For a moment I thought it was a kingfisher. Then, as I looked up from my breakfast, I saw that the streak of piercing blue was the incredibly dilatory Salvia vitifolia opening its flowers, not exactly kingfisher colour, but sharing that startling brilliance, along with gentians, the windows at Chartres, one or two delphiniums perhaps, but little else.
Breakfast turned surreal when I saw, just beyond the salvias, of all things, a heron, right beside the diminutive tank that holds Halley and Haley, our two Comets. The heron hopped onto a table for a better look, then up to the greenhouse roof. I must have made a noise as I scrambled for my camera because he then shrugged his wings and hopped off over the garden wall. What incredible eyesight herons must have to catch the reflection on a tiny patch of water as they cruise by. Have they fished out the Round Pond and the Serpentine? I’ve put bamboos over the Comets in their tank, just in case.
But salvias. How long they can wait before flowering. At Kew this week the Great Borders have gone quiet, with Anemone japonica and Aster ‘Mönch’ performing almost alone among the bleached grasses. The star turn of the season is the long south wall above the Rock Garden, perhaps a hundred yards long and ten feet high, almost hidden in a tidal wave of salvias. Purple and pink and dusky red are dominant; labels are hard to find in the profusion of admittedly not very interesting foliage.
I recognize the now almost ubiquitous S. guaranitica ‘Black and Blue’, waving its terminal blobs of flowers even higher than the wall, S.involucrata halfway up, lingerie pink, S.leucantha purple and grey, S. patens the secret searing blue and S.canaliculata a miniature of the same. Long thin scarlet spikes of what I suppose is S. coccinea (but these have rusty indumentum-backed leaves and stems), are the most eye-catching, but the whole generous jumble, in the low afternoon sun, is a spectacle worth waiting for.

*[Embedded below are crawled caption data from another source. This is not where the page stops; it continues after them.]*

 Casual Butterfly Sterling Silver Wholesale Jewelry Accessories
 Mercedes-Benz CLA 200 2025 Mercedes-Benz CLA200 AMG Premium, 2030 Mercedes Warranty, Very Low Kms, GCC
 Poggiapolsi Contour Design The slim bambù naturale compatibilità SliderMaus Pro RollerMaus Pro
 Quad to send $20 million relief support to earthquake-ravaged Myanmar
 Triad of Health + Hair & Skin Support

Each time I go to Osterley I am moved by the miracle of a real country house and its estate still existing in London. The District Line station is yards from the Lodge gates – Past there you are in the English landscape of before the war, unchanged: great oaks, and grazing cattle. You pass the farmhouse, and its stall of vegetables that have never seen a plastic bag, apples, cabbages and carrots, leeks and parsnips and eggs glowing with authencity. You cross the long winding lake that always makes me think the Child family had regrets they didn’t have the Thames in their park like their neighbours at Sion. You pass cedars that have no rival in London, and there is the house, by Robert Adam out of the stately Elizabethan model.

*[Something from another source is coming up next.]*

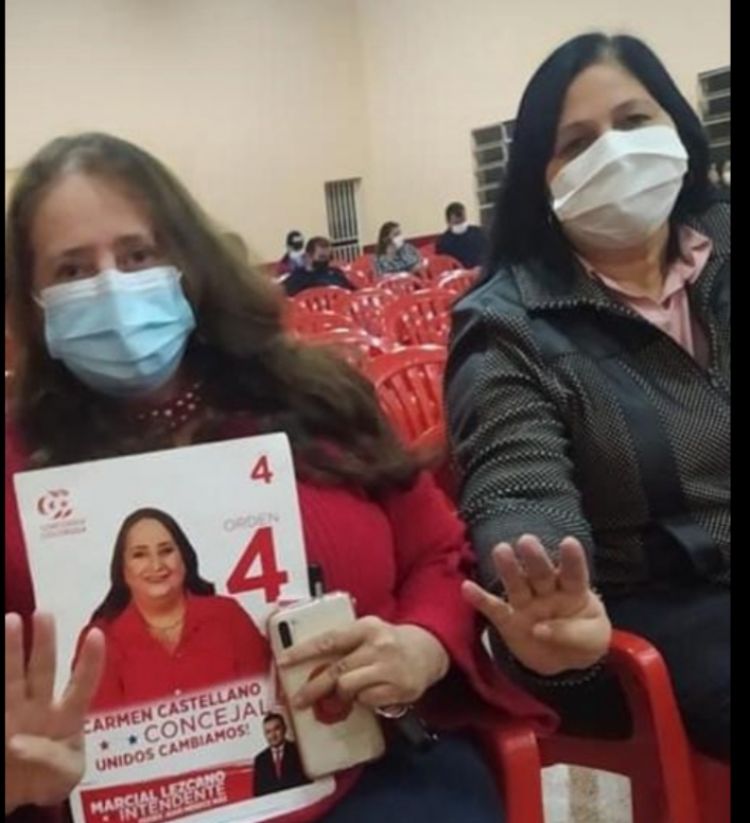 Denuncian presión política de hurrera colorada en IPS de Pedro Juan Caballero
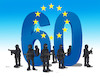 Cartoon: euoslava (small) by Lubomir Kotrha tagged eu,summit,roma,2017,euro,60,years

Andy Eddy, the head gardener, lets himself go in the walled gardens. The kitchen garden is a little model of tradition brought up to date; next door beds of bravura summer planting are resplendent in disarray. Round the little Adam summerhouse a pattern of wriggly island beds are as close to Gardenesque as to Adamesque; but both were of the age when each flower was planted free-standing to be admired on its own as a specimen, like a butterfly pinned to a board, rather than part of a pattern.
Many many generations in a score of different countries and cultures have shared a taste for a house by the sea. Especially the Med. And the ideal must always have been similar.

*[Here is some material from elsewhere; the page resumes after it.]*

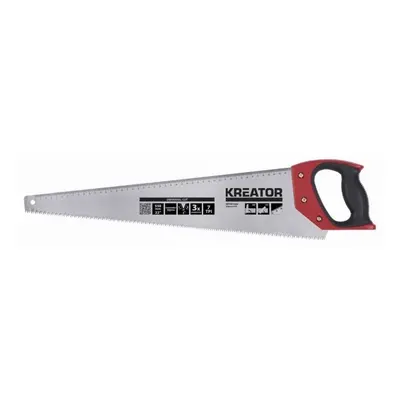 Kreator KRT801004 - Ruční pila 550 mm 7TPI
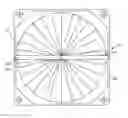 Fig. 01 - Air valve for electronics enclosures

Alma Tadema’s lush paintings of ancient Rome (at Leighton House for another two weeks) provided all the research Metro Goldwyn Mayer needed for Ben Hur or Cecil B de Mille for Cleopatra. Having seen his lithe young ladies in tunics leaning on white marble balconies above a turquoise sea it is not easy to picture the ancient Roman world in any other way. The ancient Greeks at the seaside are not so clear in my mind. Their salads may tasted different – minus the tomatoes – but the fish and the wine and the fun and games would be familiar.
The place to get some idea of a rich Greek’s summer holidays is Beaulieu sur Mer. The Villa Kerylos is a reconstruction of a luxurious villa built in about 200bc on Delos, the Aegean island sacred to Apollo. It sits on rocks at sea level, supported on an open arcade, surrounding an open atrium, cooled by the wash of sea air as waves break almost into the basement. At least that was the idea until the municipality decided to close the arcade with glass panels – so no more air conditioning.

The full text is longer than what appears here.